Problem details:
Quote, with no changes, the lines that run from the top of the material to the line with "CJ's Off The", both included.

Data:
-----
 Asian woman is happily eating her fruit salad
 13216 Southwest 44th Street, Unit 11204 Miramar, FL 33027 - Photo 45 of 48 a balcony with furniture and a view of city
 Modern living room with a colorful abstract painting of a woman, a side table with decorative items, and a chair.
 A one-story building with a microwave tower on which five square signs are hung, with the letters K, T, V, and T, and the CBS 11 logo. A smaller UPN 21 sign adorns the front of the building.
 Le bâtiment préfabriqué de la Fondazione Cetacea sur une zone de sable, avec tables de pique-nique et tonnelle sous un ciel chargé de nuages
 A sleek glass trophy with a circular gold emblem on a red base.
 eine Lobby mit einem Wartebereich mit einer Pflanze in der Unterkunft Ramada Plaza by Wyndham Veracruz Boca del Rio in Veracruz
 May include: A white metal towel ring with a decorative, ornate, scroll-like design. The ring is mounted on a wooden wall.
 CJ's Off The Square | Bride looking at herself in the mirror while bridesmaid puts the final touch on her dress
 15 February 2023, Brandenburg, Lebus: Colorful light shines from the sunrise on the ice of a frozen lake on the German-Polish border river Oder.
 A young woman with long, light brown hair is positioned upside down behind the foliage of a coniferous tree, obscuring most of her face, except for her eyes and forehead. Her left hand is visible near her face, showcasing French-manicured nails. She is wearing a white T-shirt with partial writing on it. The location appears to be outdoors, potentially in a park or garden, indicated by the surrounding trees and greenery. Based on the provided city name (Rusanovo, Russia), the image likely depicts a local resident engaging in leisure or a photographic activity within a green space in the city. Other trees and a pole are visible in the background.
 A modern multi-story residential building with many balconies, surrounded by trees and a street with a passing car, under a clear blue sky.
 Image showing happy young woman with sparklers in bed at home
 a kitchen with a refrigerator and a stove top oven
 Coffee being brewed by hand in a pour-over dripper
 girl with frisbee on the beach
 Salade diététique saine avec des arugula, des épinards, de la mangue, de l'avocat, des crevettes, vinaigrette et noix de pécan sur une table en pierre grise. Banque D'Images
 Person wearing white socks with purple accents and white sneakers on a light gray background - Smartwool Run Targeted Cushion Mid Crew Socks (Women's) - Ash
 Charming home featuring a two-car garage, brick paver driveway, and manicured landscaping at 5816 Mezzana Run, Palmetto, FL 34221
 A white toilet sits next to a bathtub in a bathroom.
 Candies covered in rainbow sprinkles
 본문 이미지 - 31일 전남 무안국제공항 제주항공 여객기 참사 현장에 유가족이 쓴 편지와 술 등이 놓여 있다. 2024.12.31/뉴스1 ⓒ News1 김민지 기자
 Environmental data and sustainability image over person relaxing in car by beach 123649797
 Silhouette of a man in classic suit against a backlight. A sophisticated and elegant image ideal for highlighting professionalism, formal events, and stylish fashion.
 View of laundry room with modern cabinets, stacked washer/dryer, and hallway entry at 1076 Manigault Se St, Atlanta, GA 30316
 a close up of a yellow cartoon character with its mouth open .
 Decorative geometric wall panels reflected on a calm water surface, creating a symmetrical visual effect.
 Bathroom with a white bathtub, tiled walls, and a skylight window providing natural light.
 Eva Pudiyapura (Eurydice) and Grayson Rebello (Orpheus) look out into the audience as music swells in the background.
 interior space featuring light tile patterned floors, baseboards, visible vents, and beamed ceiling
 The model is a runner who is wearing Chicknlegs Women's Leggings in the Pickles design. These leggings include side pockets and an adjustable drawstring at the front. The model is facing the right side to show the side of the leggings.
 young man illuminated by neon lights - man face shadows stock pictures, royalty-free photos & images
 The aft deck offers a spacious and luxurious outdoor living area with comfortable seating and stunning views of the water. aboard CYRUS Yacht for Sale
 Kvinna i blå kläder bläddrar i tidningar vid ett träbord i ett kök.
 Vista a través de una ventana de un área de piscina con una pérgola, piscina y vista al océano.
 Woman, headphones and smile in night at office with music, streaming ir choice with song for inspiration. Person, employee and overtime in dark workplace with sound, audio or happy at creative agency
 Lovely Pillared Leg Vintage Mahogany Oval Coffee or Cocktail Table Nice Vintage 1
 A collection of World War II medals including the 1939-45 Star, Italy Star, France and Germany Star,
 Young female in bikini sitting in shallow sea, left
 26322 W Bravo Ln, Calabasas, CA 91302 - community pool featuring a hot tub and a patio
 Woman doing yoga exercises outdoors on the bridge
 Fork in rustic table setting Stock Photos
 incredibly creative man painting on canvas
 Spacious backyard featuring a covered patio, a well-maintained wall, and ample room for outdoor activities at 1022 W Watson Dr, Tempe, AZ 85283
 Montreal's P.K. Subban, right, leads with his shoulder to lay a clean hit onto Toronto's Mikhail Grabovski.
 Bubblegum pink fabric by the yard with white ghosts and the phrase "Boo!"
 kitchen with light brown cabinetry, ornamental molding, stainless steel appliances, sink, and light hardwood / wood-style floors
-----
Written answer:
 Asian woman is happily eating her fruit salad
 13216 Southwest 44th Street, Unit 11204 Miramar, FL 33027 - Photo 45 of 48 a balcony with furniture and a view of city
 Modern living room with a colorful abstract painting of a woman, a side table with decorative items, and a chair.
 A one-story building with a microwave tower on which five square signs are hung, with the letters K, T, V, and T, and the CBS 11 logo. A smaller UPN 21 sign adorns the front of the building.
 Le bâtiment préfabriqué de la Fondazione Cetacea sur une zone de sable, avec tables de pique-nique et tonnelle sous un ciel chargé de nuages
 A sleek glass trophy with a circular gold emblem on a red base.
 eine Lobby mit einem Wartebereich mit einer Pflanze in der Unterkunft Ramada Plaza by Wyndham Veracruz Boca del Rio in Veracruz
 May include: A white metal towel ring with a decorative, ornate, scroll-like design. The ring is mounted on a wooden wall.
 CJ's Off The Square | Bride looking at herself in the mirror while bridesmaid puts the final touch on her dress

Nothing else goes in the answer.